Mr Baker, on behalf of AIHA, contends that section 193 (2) (b) does not contain a requirement of proportionality. Although that is expressly required by section 193 (2) (a), section 193 (2) (b) is an alternative means of justifying discrimination which does not contain a proportionality requirement. The contrast between the two is striking and deliberate. In order for section 193 (2) (b) to be satisfied, there are only two requirements. First, the benefits must be provided to the protected group in pursuance of a charitable instrument. There is no longer any dispute that the benefits provided by AIHA to members of the Orthodox Jewish community satisfy this test. Second, the benefits must be provided for the purpose of preventing or compensating for a disadvantage linked to the protected characteristic. The only question under this head relates to the purpose of providing the benefits. No balancing is required. On the findings of the Divisional Court, this requirement is also satisfied.

57.

Where the Act requires a proportionality assessment, it says so in terms.
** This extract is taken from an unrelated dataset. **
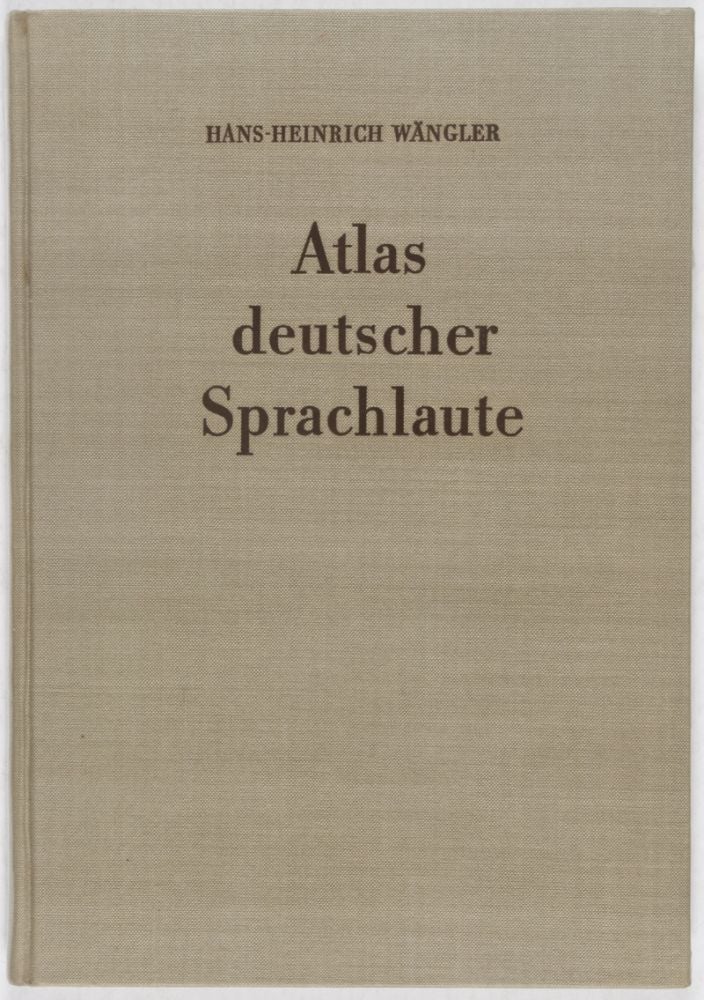 Item #27989 Atlas deutscher Sprachlaute. Hans-Heinrich Wängler.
There are many examples of this. While direct discrimination because of a protected characteristic is generally prohibited, there is an exception in relation to discrimination on the ground of age if that is “a proportionate means of achieving a

legitimate aim”: section 13 (2). Indirect discrimination may be justified if it is “a proportionate means of achieving a legitimate aim”: section 19 (2). Section 158 (2) itself contains this formula, as does section 159 which concerns positive action in employment. The fact that section 193 (2) (b), which is clearly an alternative test to that in section 193 (2) (a) does not contain this requirement must be taken to be a deliberate policy choice by parliament, well within the legislature’s margin of appreciation.

58.

Mr Baker supports his interpretation by reference to the Explanatory Notes accompanying the Act; and by reference to the Statutory Code of Practice issued by the Commission. Paragraph 608 of the former states:

“This section allows charities to provide benefits only to people who share the same protected characteristic… if this in line with their charitable instrument and it is objectively justified or to prevent or compensate for disadvantage.”

59.

Objective justification refers to section 193 (2) (a); and compensating for disadvantage refers to section 193 (2) (b). They are presented as alternative tests. Any further doubt is dispelled by the Code of Practice. Paragraph 13.31 states:

“A charity will not breach the Act by providing benefits only to people who share a particular protected characteristic if this is in accordance with the charitable instrument that establishes or governs the charity, and is either:

a proportionate means of achieving a legitimate aim; or

for the purpose of preventing or compensating for a

disadvantage linked to that protected characteristic.”

60.

The tests are, again, presented as alternatives, reinforced by paragraph 13.34 which states that whether restricting benefits “meets either of the Act’s two tests in 13.31 is initially a matter for the charity and its trustees to consider.” The two tests are separately discussed in the Code at paragraphs 13.36 and 13.37. In relation to the second test (compensating for disadvantage) paragraph 13.38 states:

“There is no requirement that a charity must provide benefits to the most disadvantaged group, or assess the relative disadvantage of different groups. The Act only requires that, if a charity provides benefits to a group of people with the same protected characteristic to the exclusion of others, it must be able to show that the purpose of restricting benefits in this way is to prevent or compensate for disadvantage experienced by members of the selected group or groups.”

61.

If a proportionality assessment were required, it would be necessary to assess the relative disadvantage of different groups. The fact that such an assessment is specifically excluded demonstrates that a proportionality assessment is not required.

62.

I accept Mr Baker’s submissions; and, for the reasons I have given, I reject those of Mr Wise. I would hold, therefore, that AIHA’s allocation policy is permitted by section 193 (1) and section 193 (2) (b) of the Equality Act 2010. That is enough to lead to the dismissal of the appeal. However, since the points on proportionality were fully argued, I will deal with them.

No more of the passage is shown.